Your first step is to arrange a visit to the medical library at your local hospital. Discuss with them the course you are studying and ask for advice on how you can make the best use of their facilities.
My library helped me to apply for an NHS Open Athens account. The NHS uses this platform for its ongoing education and information sharing. It has access to many journals and articles and things like Anatomy TV, which is so helpful for visual learners.
I particularly benefited from the NHS Knowledge and Learning Hub. It is what you will learn to use as a qualified professional and gives you access to up-to-date, evidence-based information from around the world.
I found self-directed study particularly helpful during times on placement. Placement experiences vary greatly. You may be in a placement where there may be reduced opportunities to have hands-on nursing experience with patients or limited time with the nurses. This can be disappointing, but if you are a self-directed learner, you are never in a position where you feel you cannot learn.
No one can stop you from seeing or hearing.

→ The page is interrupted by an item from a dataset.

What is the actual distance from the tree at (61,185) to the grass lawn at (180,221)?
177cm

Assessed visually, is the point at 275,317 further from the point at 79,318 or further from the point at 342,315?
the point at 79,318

Using the skills you have learnt as a self-directed learner, you can read around what you saw or heard. This way no moment during your training, especially on placement, will be non-productive.
I heard a quote when I started university which has helped me. “People learn the things that are interesting to them. If you must learn something, find a way to make it interesting to you.”
I wish you all the luck with your nursing journey and don’t forget to visit your local medical library.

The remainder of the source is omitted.